The Small Industries Department of Government of Tamilnadu takes care of the developmental of Small Scale Industries by way of giving incentives and subsidies etc. to SSIs. As a part of it, it also intends to take care of the settlement of pending payments due to Small Scale Industries by major Government/Public/Corporations of Government of Tamilnadu for the supply of good/service made by the former. Accordingly, based on the request of Government of India, the Government of Tamilnadu vide G.O. No.(Ms) 13, Small Industries (E3) Department, dated 07-03-2000 have constituted Industry Facilitation Council as prescribed in the "Interest on delayed payments to Small Scale and Ancillary Industry undertakings (Amendment) Act 1998 (Central Act 23 of 1998)" and in the exercise of powers conferred by Section 7A of above act, the Government of Tamilnadu established Industry Facilitation Council region-wise as detailed below:
In the exercise of powers conferred in Sub-section (3) of Section 7B of the above act, the Governor of Tamilnadu makes Tamilnadu Facilitation Council Rules 2000 and accordingly the following are the members constituted.
As per the instructions laid down in the G.O. cited, any supplier may, for any amount due to him from a buyer, together with the amount of interest calculated in accordance with the provisions of sections 4 and 5 of the Act, file a petition to the council exercising jurisdiction over the area concerned, for the recovery of such due from the buyer concerned.
The procedures to be followed in conducting Regional Industry Facilitation Council are as follows:
The General Manager, DIC, in the Region shall scrutinise the petitions received along with full particulars viz. the amount due, together with the interest thereon duly calculated, the name and full address of the buyer, supported by an Affidavit duly affixing Court fee stamp of RS. 10/-. On satisfaction, the General Manager, DIC shall submit the petition before the Council for consideration.
On receipt of the petitions, the Council shall require the supplier and the buyer concerned to appear before it by issuing summons to both the parties in this behalf. On the appearance of both the parties, the Council shall first make efforts to bring out conciliation between the buyer and seller. Whenever such conciliation cannot be arrived at for any settlement, the Council shall act as an Arbitrator and proceed accordingly for the final settlement of the dispute, as per the provisions of the Arbitration and Conciliation Act 1996 (Central Act 26 of 1996).
There are so many reasons for a small industry to becomes sick. Mostly it was due to mismanagement or ineffective financial portfolio. If the unit could not be revived from its sickness, it can be declared a sick unit. For this purpose, State Government has formed a District Sick Unit Declaration Committee to declare the unit as sick, after studying various aspects in the financial position of the unit.
On the basis of the report of Nayak Committee and the views of the Small Scale Industries Association and experts in the field, Government direct that the following parameters be adopted (by the District Level Committee) for evaluating the Small Scale Industries and to declare them as sick:
A cluster can be defined as a sectoral and geographical concentration of enterprises faced with common opportunities and threats.
In both industrialized and developing countries there is increasing evidence that clustering and networking can help small and medium-scale enterprises (SMEs) boost their competitiveness. Groups of firms working together are better able than isolated firms to grow rapidly, develop product niches, access export markets and offer new employment opportunities.
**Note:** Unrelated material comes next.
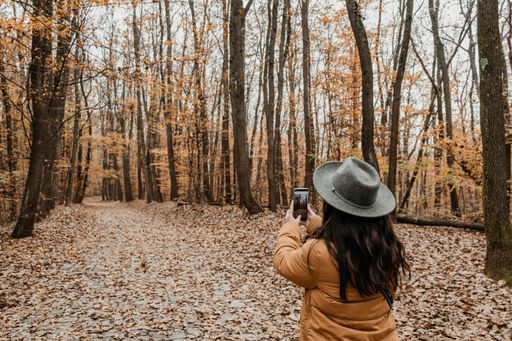 A back view of a female taking a photo of the autumn forest with her smartphone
At the basis of the cluster development concept is the establishment of cooperation linkages between firms, their raw material and equipment suppliers, subcontractors, customers and service providers. Cooperation of specialized firms enables collective efficiency and enhances the ability to innovate new processes and products.
SME clusters have been in existence in India for several decades. It is estimated that there are approximately 350 SME urban clusters and 2000 rural and artisan based clusters in India contributing almost 60% of Indias manufactured exports. Nevertheless very few of them are performing well. The Government of India in view of the enormous potential of these "under achieving clusters" has advocated the cluster development approach as one of the main pillars of its Small Enterprises Development Policy (Abid Hussain Committee Report on Small Enterprises, January 1997).
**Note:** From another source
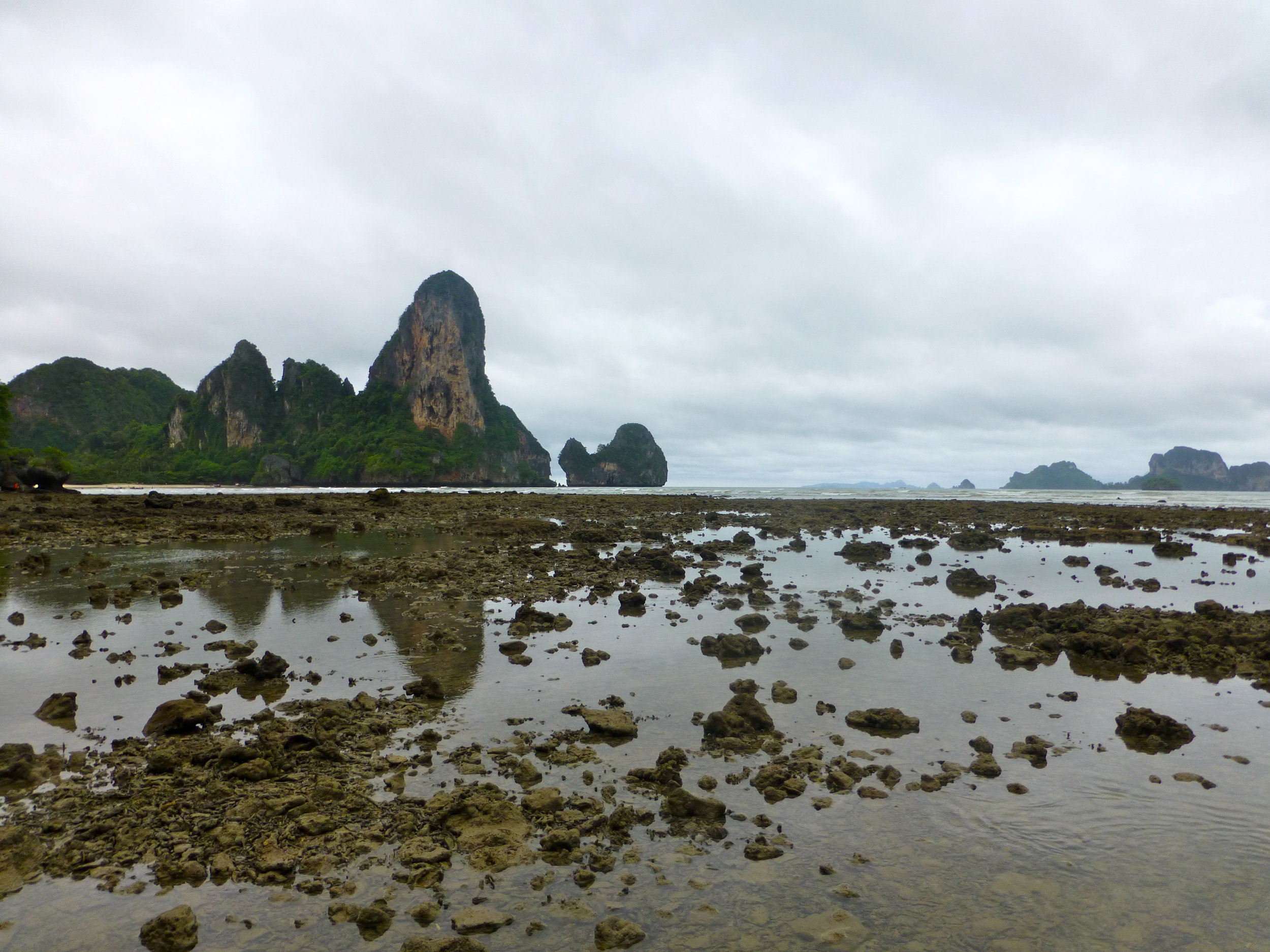 p1000794.jpg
Government of Tamilnadu has already entered into the programme. Each and every district has identified one or more clusters to take up in the programme. In Viluppuram District, a cluster of wood carving industries has been identified in Kallakurichi Block under Rural Cluster Development Programme under National Rural Industries Programe (NRIP).
VRIKSHA ,a federation of 12 SHGs ,has been formed by Vallalar Grama Bank, NABARD,DRDA, DIC, and Department of Handicrafts, Pondicherry. A common facility center is under completion stage with the grant of these agencies.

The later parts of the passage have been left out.